Don’t wait until retirement is on the horizon to consider what will happen to your business once you are gone. You’ve worked too hard to take the chance that everything you’ve worked so hard for will disappear once you’re no longer there daily.
Leaving a business legacy isn’t as simple as wisely planning your retirement and setting a date on the calendar. Your daily actions and decisions create the identity of the business you will leave behind and determine the impact and influence your work creates.
Your business’ legacy is the impact it will make on its culture, community, and customers after you have either sold or passed on your business to someone else. Your company mission statement is your description of what you hope to achieve with the company.
To leave your desired legacy, you must live it every day. What you and your employees do every day is the foundation that supports what you are building. It starts with your values and a vision for the future. Define what matters and make sure that everyone’s actions and decisions are aligned to supporting that vision.
Whether you are planning to leave your business to your children, merge your business with another company or sell your business, here are four tips for making sure your legacy is one you can be proud of:
- Plan for the end from the beginning – Your life within your business is like a journey. You can’t get to your ultimate destination (retirement or selling) without a clear view of where you are going and how you will get there. No matter where you are in your business life, start planning for the end. If you already have a plan, review it, check progress and make any changes as necessary.
- Establish a line of succession – Identify the people within your business who can lead it when you are gone. Make conscious efforts to grow their leadership skills. A thorough succession plan should address both who moves up and when it happens.
- Thoroughly document systems and processes – Your business can’t continue if people don’t know what to do or how it gets done. Thorough documentation is critical in establishing the value you will be passing on. If your business only exists in your head, it won’t continue without you in the room.
- Make your company culture visible in all you do – Your company culture is the living evidence of your company values.
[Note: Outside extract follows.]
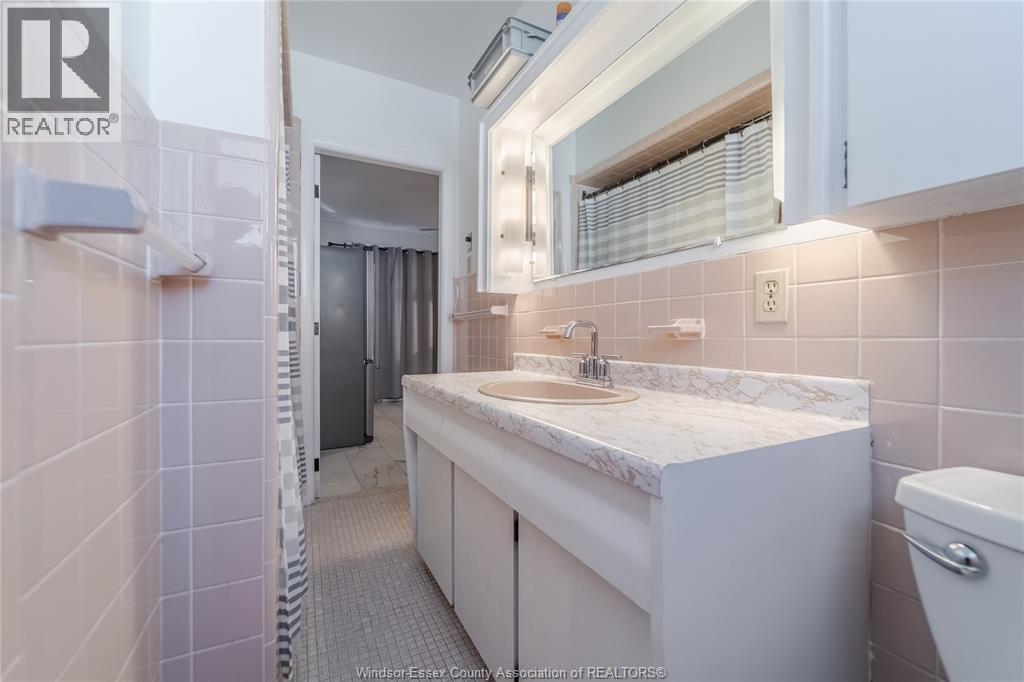 1601 South Cameron - 11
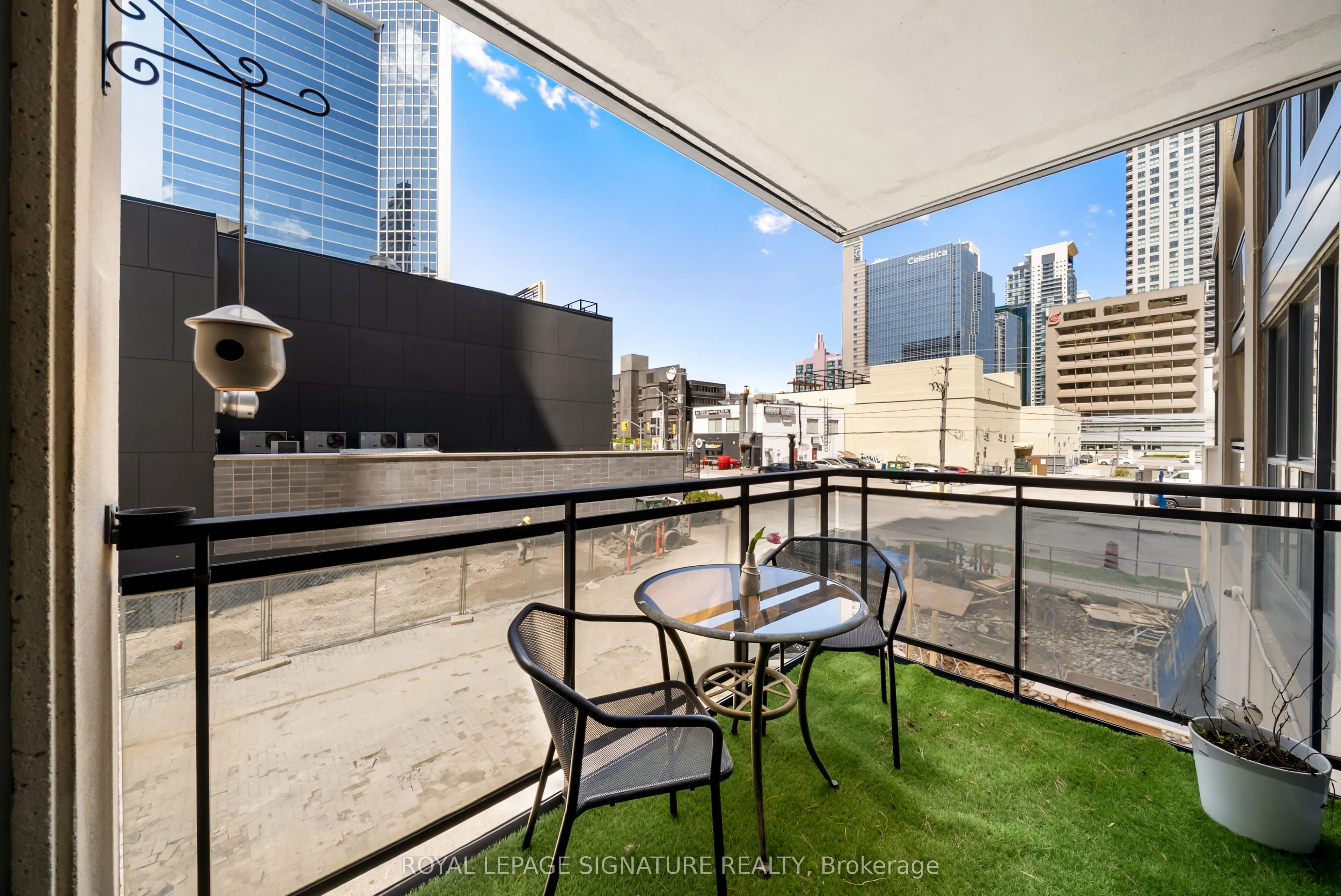 18 Hollywood Avenue, #206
Your business legacy is established when an impact aligned with your values is achieved and sustained over time. When the right buyer or internal successor steps forward to run your business, you want to make sure that their intention is focused on continuing to make an impact consistent with the values you established.
No matter how far you are from the day that you will walk out the door, it’s important that you set an intention now for what your legacy will be. Make it one that you will be proud of.